Emsal Mahkeme Kararı İstanbul Anadolu 1. Fikri ve Sınai Haklar Hukuk Mahkemesi 2022/39 E. 2023/203 K. 17.10.2023 T.

Görüntülediğiniz mahkeme kararı henüz kesinleşmemiştir. Yararlı olması amacıyla eklenmiştir.

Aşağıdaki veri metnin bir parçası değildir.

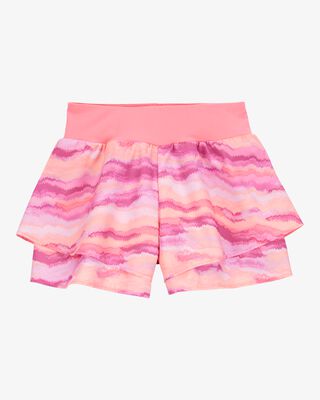 Product image 1 of Kid Flowy Tie-Dye Layered Flip Short - Orange/Pink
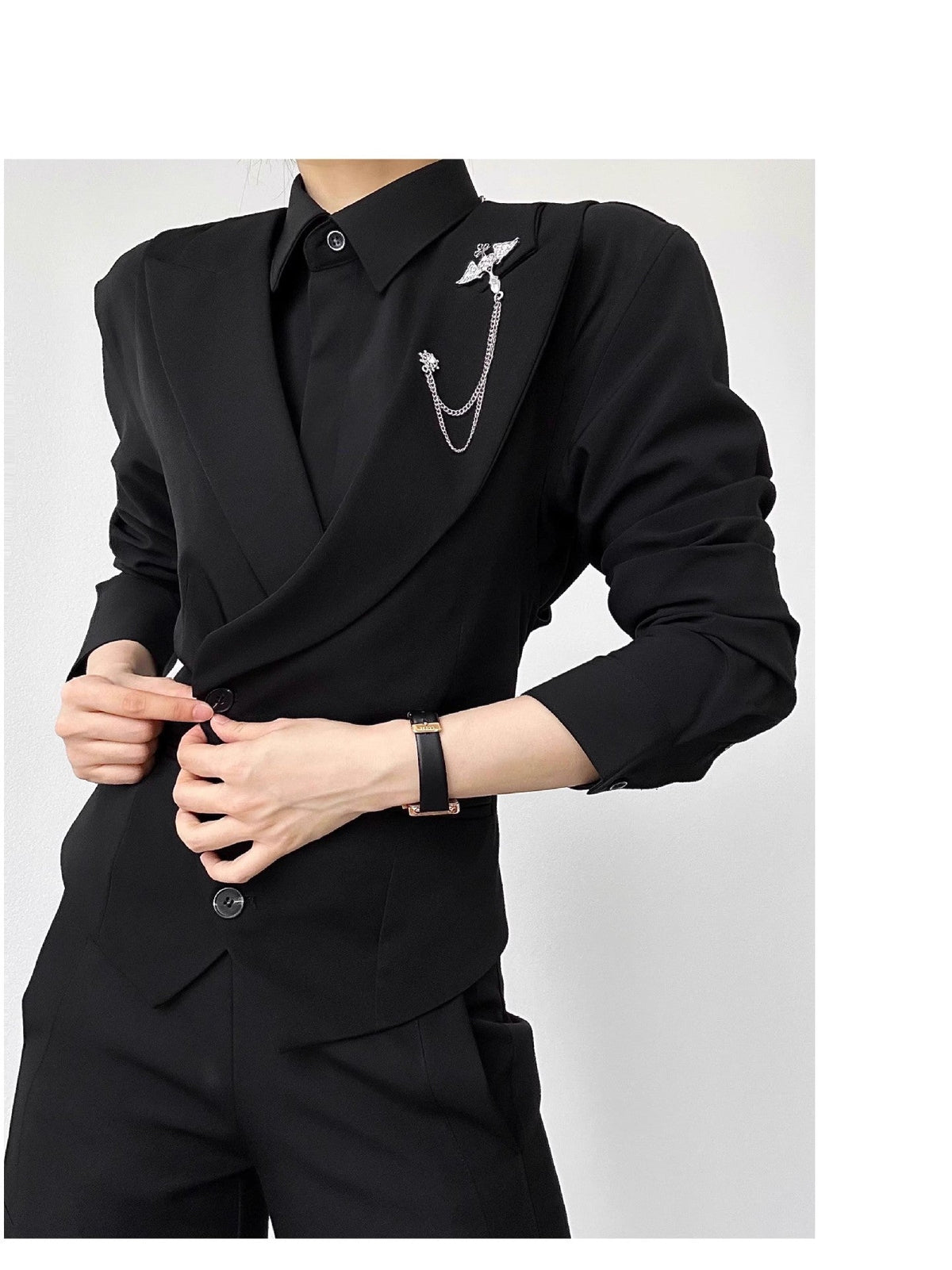 Women's Suit Vest For Young Women White Slim-fit Versatile And Exudes A Premium Sophisticated Vibe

T.C. İstanbul Anadolu 1. FİKRİ VE SINAİ HAKLAR HUKUK MAHKEMESİ

ESAS NO : 2022/39
KARAR NO : 2023/203

DAVA : Marka (Marka Hakkına Tecavüzden Kaynaklanan)
DAVA TARİHİ : 16/02/2022
KARAR TARİHİ : 17/10/2023

Davacı vekili tarafından davalı aleyhine açılan davasının yapılan açık yargılama sonucunda;

Davacı vekili dava dilekçesini duruşmada tekrarla;
Müvekkilinin şirketin bilgisayar programlama, sistem, veri tabanı, network, web sayfası vb. yazılımları ile müşteriye özel yazılımların kodlanması gibi hizmetler vermekte olduğunu; müvekkilinin 35 ve 42. sınıflarda —-markasını 07.03.2019 tarihinde tescil ettirdiğini ve hukuka uygun bir şekilde kullandığını; dava dışı —- müvekkili şirketin “—– markasını sadece bir ürün için kullanma hakkı bulunmaktayken ve internet üzerinde satış hakkı yok iken —- internet sitesindeki ve davalı şirkete ait internet sitesindeki tüm ürünlerde —-etiketiyle hukuka aykırı olarak kullandığını, bu hususta dava dışı şirkete karşı dava açılacak olup bu durumun bilahare mahkemeye bildirileceğini; yapılan araştırmalar neticesinde—- adını kullanarak davalı şirketin internet alışveriş sitesi olan —-alışveriş sitesinin —-sayfasını kullandığının görüldüğünü; bu durumla alakalı ihtarnamenin davalı şirkete tebliğ edildiğini; ancak davalı vekilince verilen cevap sebebiyle marka hakkına tecavüzün tespiti ve durdurma davasının hasıl olduğunu; SMK kapsamında ihtiyati tedbir kararı verebilmek için yaklaşık ispatın, yani ihlalin oluşmasına gerek olmayıp tehlikenin varlığının yeterli olduğunu; ancak olayımızda tehlikenin gerçekleşmiş olup müvekkilinin halen zarar görmekte olduğunu; SMK 159/2-a uyarınca tecavüzün önlenmesi ve durdurulmasının ve davalı şirket bünyesindeki sitenin erişiminin engellenmesinin, müvekkiline ait —– markasının kullanılmasının yasaklanmasının, SMK m.159/2-c uyarınca — BAM—-HD’nin 08.02.2019 tarih—–. ilamı gereğince ters teminatlı ihtiyati tedbir kararı verilmesinin gerektiğini belirterek marka hakkına tecavüzün tespiti ile davalı şirkete ait —- sayfasının durdurulmasına karar verilmesini talep etmiştir.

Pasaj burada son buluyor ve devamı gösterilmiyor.